The memo highlights three significant residential developments in the works in Hiawatha.
The first is a $6.5 million, three-story, 52-unit essential senior housing facility at 875 Edgewood Road, just south of the Hiawatha Fareway store. Being developed by Landover Corporation, the units are expected to rent at the area’s market rate, currently $600-$800 a month.
The project is significant, Ms. Downs said, because Hiawatha is virtually devoid of senior housing options. In addition, projects like this will open housing options for other prospective incoming homebuyers.
“It’s such a great need for us,” she said. “The seniors are living in the homes that people are looking for, and they don’t necessarily want to move from that home because they want to stay in their community, but there’s no place for them to go outside of the home they live in.

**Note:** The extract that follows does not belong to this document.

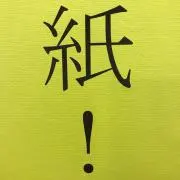 T Y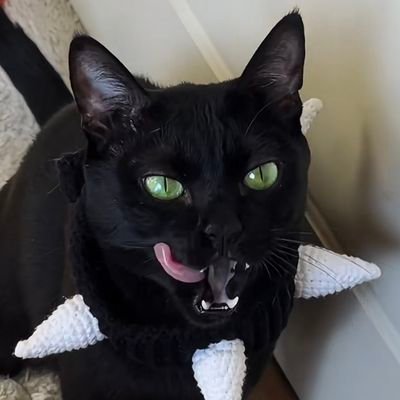 L022's profile picture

They don’t want to leave their church. They want to go to their favorite grocery store. They don’t want to be too far away from their neighbors that they’ve had forever.”

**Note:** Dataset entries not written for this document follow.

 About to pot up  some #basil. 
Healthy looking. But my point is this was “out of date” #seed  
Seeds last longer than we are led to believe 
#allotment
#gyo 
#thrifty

With a $41 million price tag, the second project will consist of a pet-friendly, gated community with seven multi-family buildings, each with 28 studio, one-, two- and three-bedroom residential units. It’s slated to be developed by Anthony Properties at 100 Boyson Road, just northwest of the intersection of Boyson and Robins roads. The market-rate luxury units will include large living areas, spacious bathrooms and walk-in closets, and each unit will consist of a patio or balcony. The development will also incorporate a dog park, a resort-style swimming pool and a tanning bed.
And the third project is the oft-discussed Oakbrook development at 155 Robins Road, just a stone’s throw from Hiawatha City Hall. In a five-phase project, developer HUB LLC is currently pursuing the first two phases of a $15 million multi-family development that will feature three- to four-story market-residential units with approximately 30 market-rate studio, one-, two- and three-bedroom units in each building, along with associated parking and amenities.

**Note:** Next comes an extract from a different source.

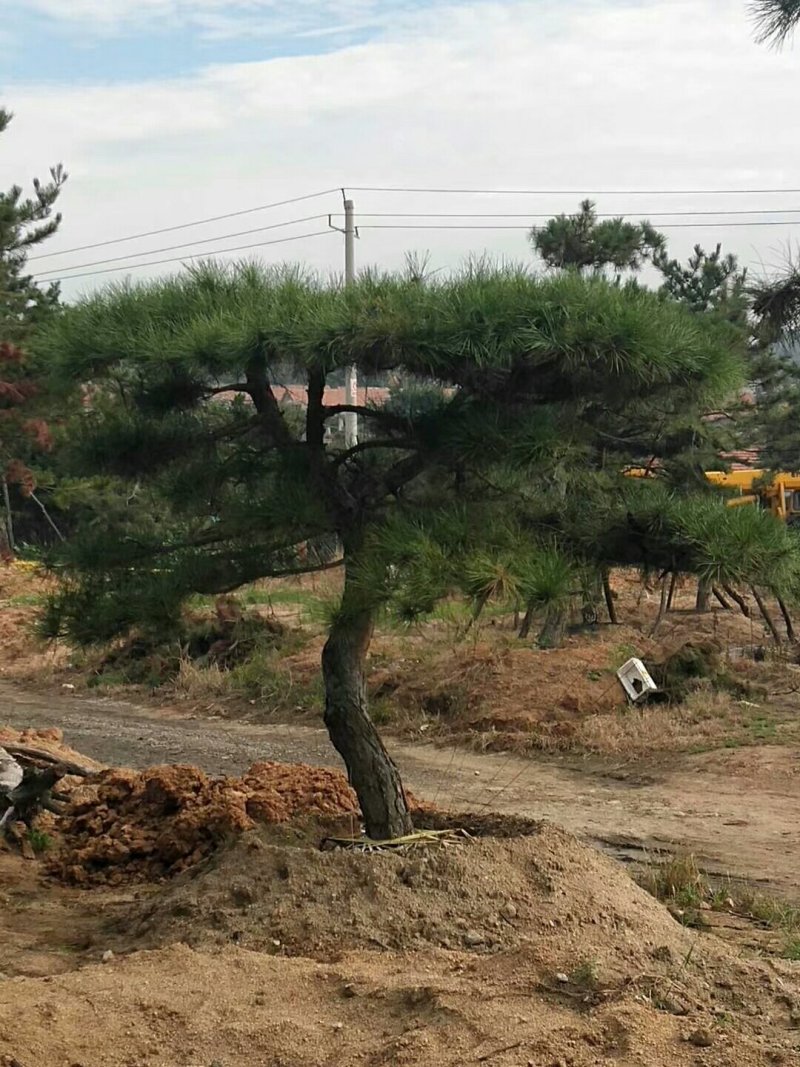2米-3米造型油松，量大欢迎选购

Public hearings were also held during the meeting to enter into development agreements for several other projects, including:
- A pair of commercial office and warehouse buildings, each about 24,000 square feet, are being developed by Hiawatha Properties LLC at 2012 and 2112 Robins road;
- A 12,000-square-foot commercial office and warehouse building is being developed by Industrial Avenue, LLC at 1408 Industrial Ave.;
- An 8,700-square-foot commercial office building is being developed by Armstrong Development at 1063 Longfellow Square, just north of the Skogman Realty offices; and
- A new Scooter’s drive-thru coffee shop on a small triangular parcel, previously city-owned, at the corner of Boyson and Robins roads.
And that’s not to mention the development of Hiawatha’s newest cultural attraction, the $1 million Village Center Plaza and amphitheater along North Center Point Road, which is nearly complete and slated for a formal ribbon-cutting later this spring; the recent $4.2 million expansion of the Hiawatha Public Library; and the $9 million mixed-use project already under construction on the former A’Hearn Plumbing and Heating property at 255 Robins Road, which will include 5,000 square feet of commercial and/or restaurant space and 48 multi-family housing units.
Many of the projects underway serve not only as urban revitalization projects, Ms. Downs said, but also foster a sense of placemaking and community – one of Hiawatha’s prime goals.